Acetaminophen is also considered a first-line therapy for low back pain. As the most common musculoskeletal condition worldwide, low back pain adds to the widespread use of acetaminophen.

The main difference between narcotics and nonnarcotics is the way that the medications work. All narcotics work by blocking your pain receptors.

Nonnarcotics can work through a variety of methods, depending on the medication class. The main classes include:

  • NSAIDs
  • corticosteroids
  • analgesics
  • antiepileptics

Narcotics are significantly stronger and more effective at reducing pain than nonnarcotics. However, they’re also highly addictive and are only available by prescription.

When are prescription opioids necessary?

Prescription opioids are necessary in cases of severe pain. They’re also used to provide anesthetic during surgical procedures and can help manage severe postsurgical pain.

In most cases of moderate to severe pain, a non-opioid medication is recommended first. If that doesn’t seem to help, you may be prescribed an opioid.

Additional non-opioid pain management tips can include natural medications and therapies such as cannabidiol (CBD), capsaicin, and acupuncture.

CBD oil has been increasingly studied for its potential benefits for pain management. One study from 2022 examined its effect on joint pain by surveying 428 people. The study found 83% of those people reported that CBD improved their pain.

Capsaicin is typically used as a topical cream or patch that can be applied directly onto painful areas. This is especially useful for postherpetic neuralgia and HIV-related nerve pain, according to 2017 research.

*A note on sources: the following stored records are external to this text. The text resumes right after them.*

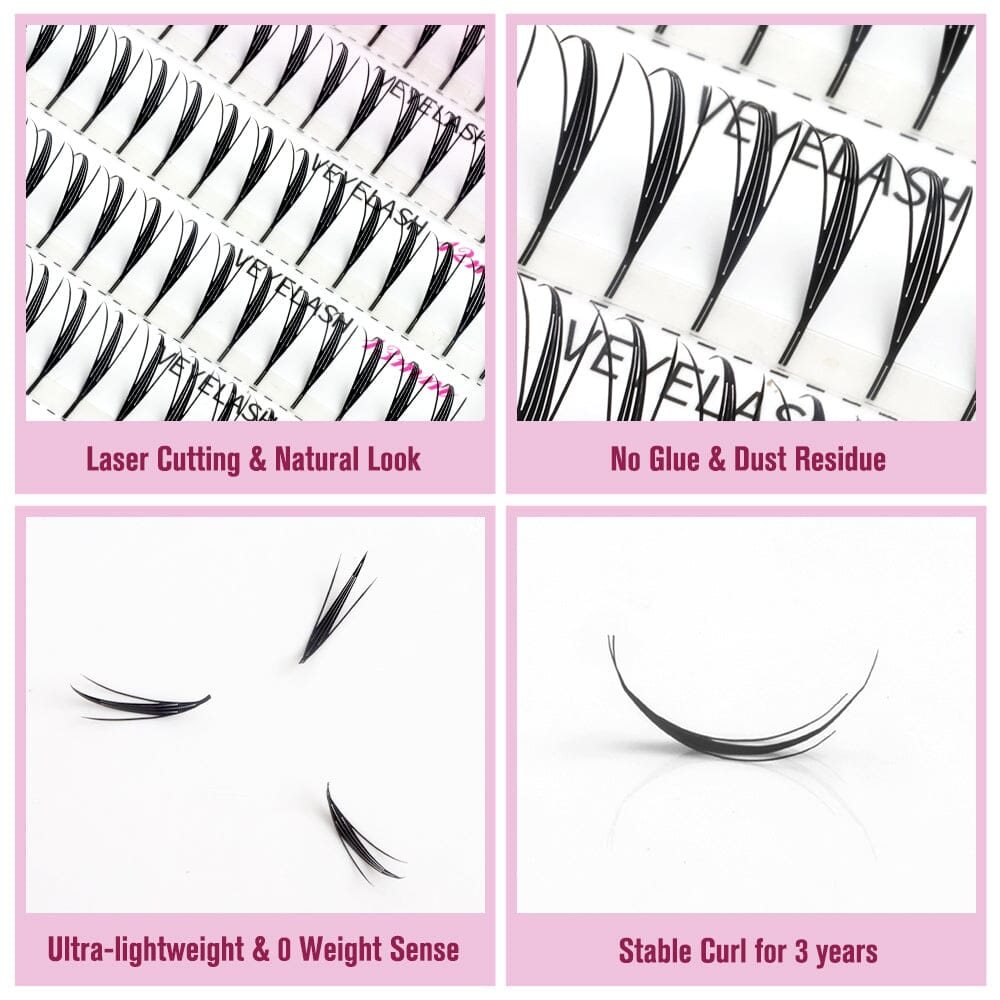 Swannie Lash Premade volume fans VEYELASH
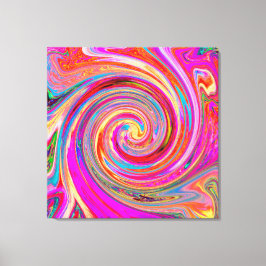 Kleurig regenboogvormig retroflectief abstract ont canvas afdruk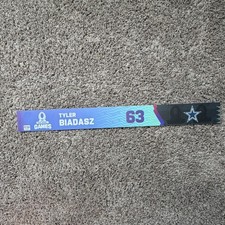 Tyler Biadasz Dallas Cowboys 2023 Pro Bowl Locker Room Nameplate Authenticated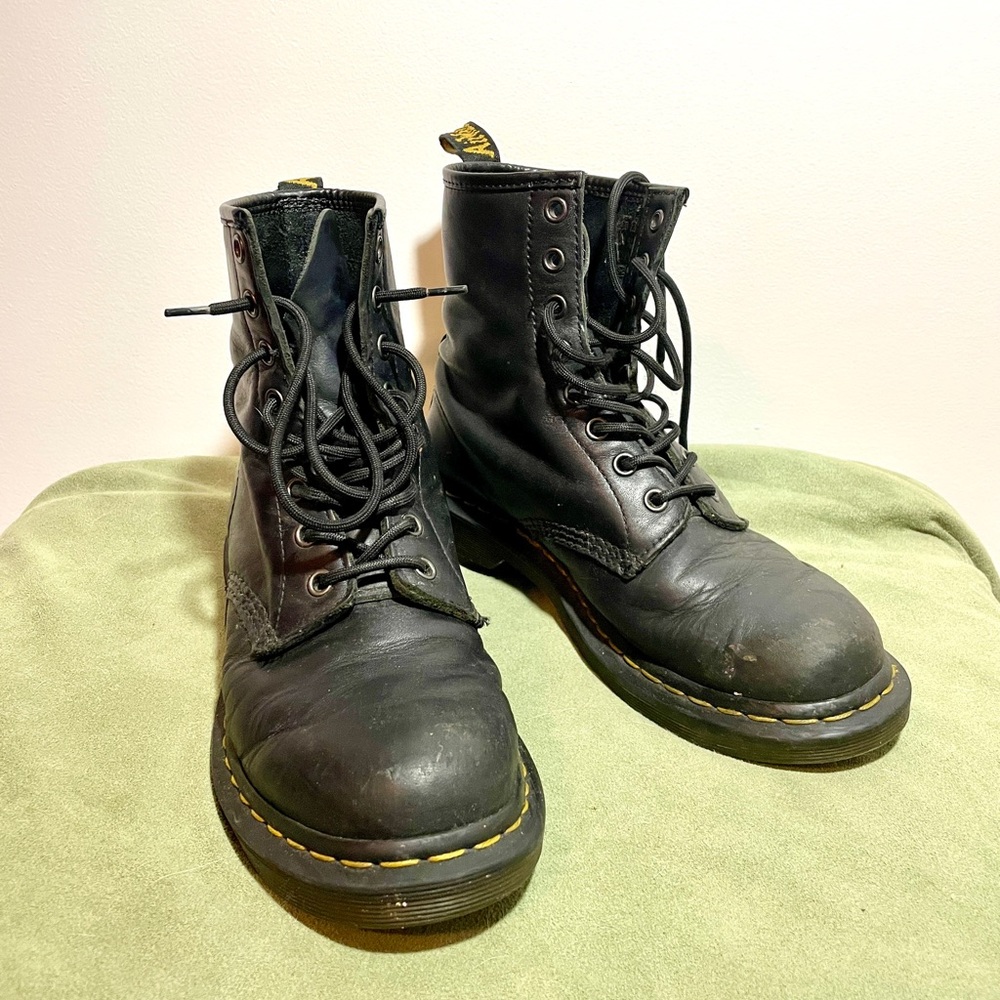 Dr. Martens Black Lace-Up Boots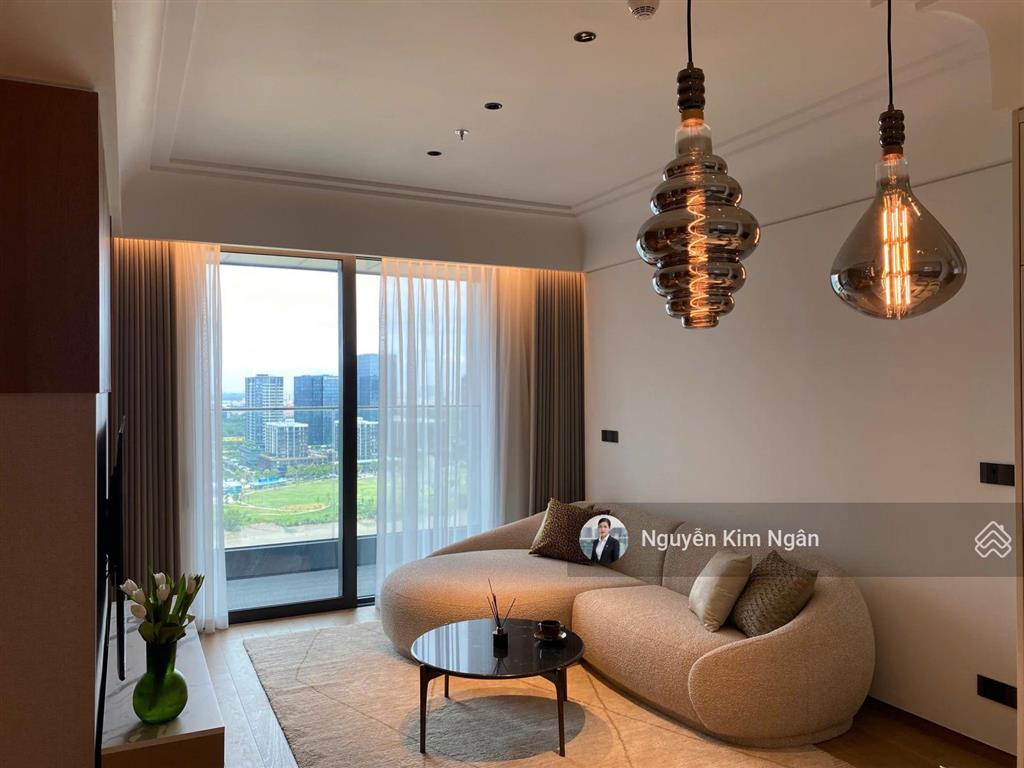 Cho thuê 3pn full nội thất view sông 125tr/th tòa sea jw marriott  grand marina, miễn pql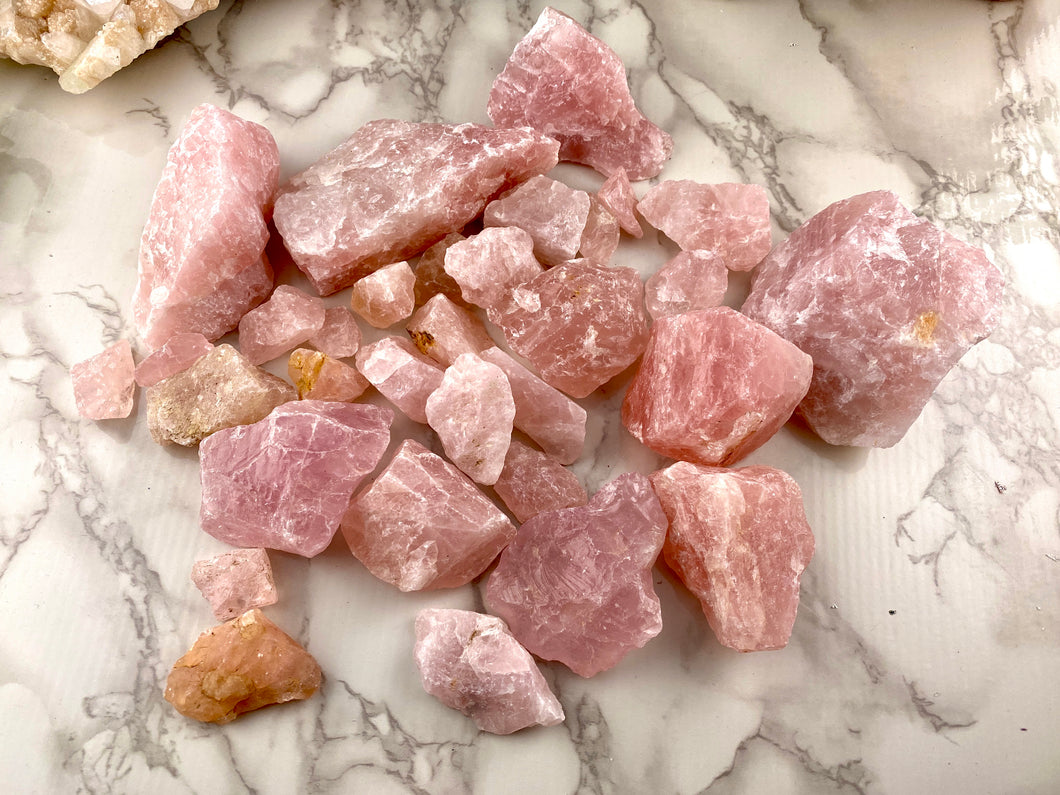 Raw Rose Quartz | Natural Rose Quartz Crystal | Quartz Crystal | Rocks & Minerals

Aside from natural medications, acupuncture has also shown to be effective for pain. It’s not known exactly how or why it works, but it can be considered for chronic musculoskeletal pain as well as headaches, according to 2018 research.

If you’re living in pain, there are various options that can help turn down the intensity. Sometimes a prescription opioid is necessary, but many times pain can be controlled with safer alternatives.

Nonnarcotics such as acetaminophen and ibuprofen aren’t addictive and are readily available in most drugstores. These may be good options for mild to moderate pain. A health care professional may also recommend a prescription drug for pain relief, such as diclofenac or corticosteroids.

If you prefer not to use drugs, you might consider natural medications and acupuncture to help manage your pain. Whichever your preference, there are evidence-based options available to help manage your pain so you can start feeling better.